Fußball-Landesliga

Viktoria Resse wehrt sich gegen den Abstieg

Viktoria Resses Kapitän Mike Neumann (links) trieb seine Mannschaft immer wieder an.

Viktoria Resses Kapitän Mike Neumann (links) trieb seine Mannschaft immer wieder an.

Foto: Michael Korte

Resse.   Beim 1:1 gegen Brackel ist spielerisch noch viel Luft nach oben. Dafür freut sich Trainer Stefan Colmsee über Fortschritte in anderen Bereichen.

Zum Schluss wurde es noch einmal hektisch. Ecke für Viktoria Resse, Kopfball Dominik Lücke, die Resser hatten den Ball schon drin gesehen – da bekam der Keeper des SV Brackel noch die Fingerspitzen dazwischen. Sven Jubt fiel der Ball vor die Füße, Pfosten, nochmal Lücke, drüber. Ein Pfiff ertönte, die Partie der Fußball-Landesliga war beendet. Lücke und Jubt sanken im gegnerischen Sechzehner zu Boden, die Hände über den Kopf geschlagen. Einen Punkt hatten sie geholt, 1:1. Den Lucky Punch zum Sieg aber um Haaresbreite verpasst.

Auch Stefan Colmsee hatte den Ball schon hinter der Linie gesehen, bejahte der Resser Trainer. „Das ist genau der Lucky Punch, der uns gerade fehlt. Wenn du den noch reinmachst, gehst du hier mit einer riesig breiten Brust raus.“ So aber sanken Stürmer Jubt und Innenverteidiger Lücke zu Boden, anstatt zu jubeln. Das Glück war der Viktoria in dieser Szene nicht mehr hold.

Dominik Lücke rettet auf der Linie

Vielleicht auch, weil es 20 Minuten zuvor schon auf der anderen Seite seine Finger im Spiel hatte. Dort rettete Viktorias Keeper Marcel Hutsch, indem er sich mit allem, was er hat, in den Ball warf. Den Abpraller ballerte Brackels Alessandro Rath über den leeren Kasten (70.). Nur zwei Minuten später rettete Dominik Lücke für seinen ausgespielten Torwart auf der Linie.

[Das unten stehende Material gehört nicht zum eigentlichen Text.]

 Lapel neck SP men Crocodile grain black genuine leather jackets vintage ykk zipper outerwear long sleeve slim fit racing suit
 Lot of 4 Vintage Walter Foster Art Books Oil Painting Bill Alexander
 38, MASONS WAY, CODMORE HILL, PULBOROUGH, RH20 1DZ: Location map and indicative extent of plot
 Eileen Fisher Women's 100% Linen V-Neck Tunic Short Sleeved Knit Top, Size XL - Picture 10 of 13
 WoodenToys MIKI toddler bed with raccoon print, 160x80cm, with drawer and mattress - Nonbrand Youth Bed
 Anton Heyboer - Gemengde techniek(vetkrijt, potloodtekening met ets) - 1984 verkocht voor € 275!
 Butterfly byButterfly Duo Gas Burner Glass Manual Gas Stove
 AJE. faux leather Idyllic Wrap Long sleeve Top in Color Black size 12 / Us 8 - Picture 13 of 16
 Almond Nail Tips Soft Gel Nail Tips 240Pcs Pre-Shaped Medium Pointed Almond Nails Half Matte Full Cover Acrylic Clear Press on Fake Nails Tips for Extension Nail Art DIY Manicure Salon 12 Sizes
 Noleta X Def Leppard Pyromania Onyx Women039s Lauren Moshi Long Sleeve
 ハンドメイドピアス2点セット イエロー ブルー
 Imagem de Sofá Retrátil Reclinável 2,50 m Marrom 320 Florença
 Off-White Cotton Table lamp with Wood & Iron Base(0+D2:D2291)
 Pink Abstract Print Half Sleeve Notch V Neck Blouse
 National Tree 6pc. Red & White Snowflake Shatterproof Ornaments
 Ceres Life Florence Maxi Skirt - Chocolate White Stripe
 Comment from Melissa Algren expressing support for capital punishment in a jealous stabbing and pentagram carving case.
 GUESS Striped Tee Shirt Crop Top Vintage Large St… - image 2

Auch aufgrund dieser beiden Riesenchancen für die Gäste war Colmsee am Ende des Tages zufrieden mit dem Punkt. „Wir haben einiges zugelassen, deswegen kann ich damit leben.“

Vor allem aber konnte er mit dem Punkt leben, weil seine Spieler sich wehrten. Auch, wenn sie nicht immer alles richtig machten. Die Formkurve in Sachen Wille und Einsatzbereitschaft zeigte nach oben. Zwar gab es auch gegen Brackel immer wieder Phasen, „in denen ich lauter werden, die Jungs wach rütteln musste“, gab Colmsee zu. Doch der Wille war den Ressern auf keinen Fall abzuschreiben.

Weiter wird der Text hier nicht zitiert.